Load rules/ab-test-evaluation.md for the full framework. Quick pattern:

## Experiment: [Name]

Hypothesis: If we [change], then [primary metric] will [direction] by [amount]
  because [evidence or reasoning].

Sample size: [N per variant] — calculated for MDE=[X%], power=80%, alpha=0.05
Duration: [Minimum weeks] — never stop early (peeking bias)

Results:
  Control:   [metric value]  n=[count]
  Treatment: [metric value]  n=[count]
  Lift:      [+/- X%]        p=[value]  95% CI: [lower, upper]

Decision: SHIP / EXTEND / KILL
  Rationale: [One sentence grounded in numbers, not gut feel]

Decision rules:

  • SHIP — p < 0.05, CI excludes zero, no guardrail regressions
  • EXTEND — trending positive but underpowered (add runtime, not reanalysis)
  • KILL — null result or guardrail degradation

See rules/ab-test-evaluation.md for sample size formulas, SRM checks, and pitfall list.

Cohort Retention

Load rules/cohort-retention.md for full methodology. Quick pattern:

-- Day-N retention cohort query
SELECT
  DATE_TRUNC('week', first_seen)  AS cohort_week,
  COUNT(DISTINCT user_id)         AS cohort_size,
  COUNT(DISTINCT CASE
    WHEN activity_date = first_seen + INTERVAL '7 days'
    THEN user_id END) * 100.0
    / COUNT(DISTINCT user_id)     AS day_7_retention
FROM user_activity
GROUP BY 1
ORDER BY 1;

Retention benchmarks (SaaS):

  • Day 1: 40–60% is healthy
  • Day 7: 20–35% is healthy
  • Day 30: 10–20% is healthy
  • Flat curve after day 30 = product-market fit signal

See rules/cohort-retention.md for behavior-based cohorts, feature adoption curves, and engagement scoring.

Funnel Analysis

Load rules/funnel-analysis.md for full methodology. Quick pattern:

## Funnel: [Name] — [Date Range]

Stage 1: [Aware / Land]     → [N] users    (entry)
Stage 2: [Activate / Sign]  → [N] users    ([X]% from stage 1)
Stage 3: [Engage / Use]     → [N] users    ([X]% from stage 2)  ← biggest drop
Stage 4: [Convert / Pay]    → [N] users    ([X]% from stage 3)

Overall conversion: [X]%
Biggest drop-off:  Stage 2→3 ([X]% loss) — investigate first

Optimization order: Fix the largest drop-off first. A 5-point improvement at a high-volume step is worth more than a 20-point improvement at a low-volume step.
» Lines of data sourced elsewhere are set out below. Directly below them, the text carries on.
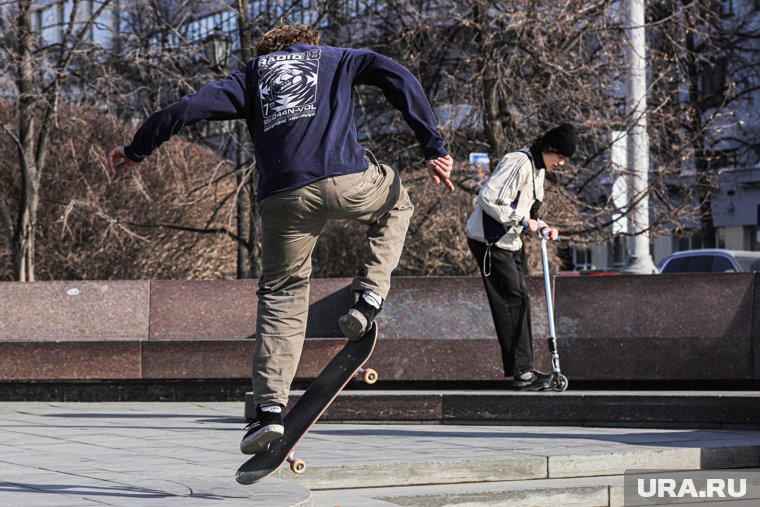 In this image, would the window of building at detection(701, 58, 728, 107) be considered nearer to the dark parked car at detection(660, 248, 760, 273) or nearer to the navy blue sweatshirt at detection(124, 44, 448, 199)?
the dark parked car at detection(660, 248, 760, 273)

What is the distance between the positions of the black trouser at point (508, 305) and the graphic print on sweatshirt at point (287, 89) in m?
3.50

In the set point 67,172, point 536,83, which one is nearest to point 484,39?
point 536,83

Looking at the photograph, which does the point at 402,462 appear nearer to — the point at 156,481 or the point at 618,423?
the point at 156,481

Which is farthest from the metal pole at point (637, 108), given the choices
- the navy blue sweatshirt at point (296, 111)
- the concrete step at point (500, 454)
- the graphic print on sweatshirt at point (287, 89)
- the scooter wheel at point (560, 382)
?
the graphic print on sweatshirt at point (287, 89)

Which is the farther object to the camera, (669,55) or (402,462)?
(669,55)

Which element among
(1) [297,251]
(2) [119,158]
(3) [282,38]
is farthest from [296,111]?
(2) [119,158]

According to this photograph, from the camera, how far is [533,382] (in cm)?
854

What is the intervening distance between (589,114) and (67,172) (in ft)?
23.2

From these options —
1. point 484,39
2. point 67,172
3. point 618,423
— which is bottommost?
point 618,423

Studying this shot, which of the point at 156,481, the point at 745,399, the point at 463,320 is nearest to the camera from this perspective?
the point at 156,481

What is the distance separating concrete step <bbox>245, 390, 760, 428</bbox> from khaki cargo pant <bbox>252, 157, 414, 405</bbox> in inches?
108

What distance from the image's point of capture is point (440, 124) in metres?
14.6

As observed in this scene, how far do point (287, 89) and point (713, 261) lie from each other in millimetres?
15428

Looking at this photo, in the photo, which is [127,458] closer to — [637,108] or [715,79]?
[637,108]
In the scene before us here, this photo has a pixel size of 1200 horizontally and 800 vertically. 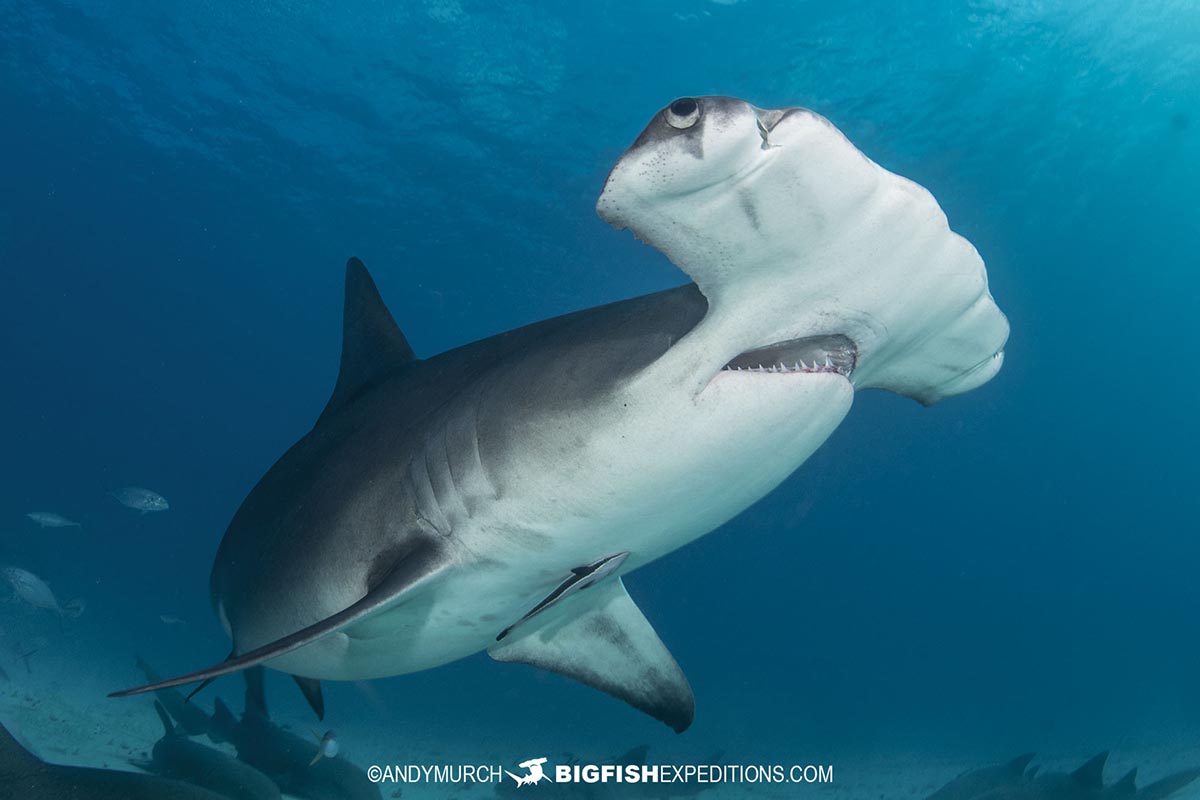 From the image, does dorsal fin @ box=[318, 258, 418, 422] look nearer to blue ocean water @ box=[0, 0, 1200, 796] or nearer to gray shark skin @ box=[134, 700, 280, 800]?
gray shark skin @ box=[134, 700, 280, 800]

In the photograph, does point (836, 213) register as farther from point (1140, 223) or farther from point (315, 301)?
point (315, 301)

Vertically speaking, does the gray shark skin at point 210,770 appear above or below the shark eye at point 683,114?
below

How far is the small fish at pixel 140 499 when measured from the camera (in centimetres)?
1216

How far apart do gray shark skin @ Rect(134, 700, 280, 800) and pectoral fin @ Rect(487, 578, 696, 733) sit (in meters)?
3.59

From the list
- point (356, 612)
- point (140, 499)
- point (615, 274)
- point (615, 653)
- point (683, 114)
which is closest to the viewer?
point (683, 114)

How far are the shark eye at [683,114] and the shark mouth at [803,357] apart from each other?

See rules/funnel-analysis.md for segmented funnels, micro-conversion tracking, and prioritization patterns.

Statistical Foundations

Plain-English explanations of the stats every PM needs. Load references/stats-cheat-sheet.md for formulas and quick lookups.

p-value in plain English: The probability that you would see a result this extreme (or more extreme) if the change had zero effect. p=0.03 means a 3% chance you're looking at random noise. It does NOT mean "97% probability the change works."

Confidence interval in plain English: The range where the true effect probably lives. "Lift = +8%, 95% CI [+2%, +14%]" means you are fairly confident the real lift is somewhere between 2% and 14%. If the CI includes zero, you cannot claim a win.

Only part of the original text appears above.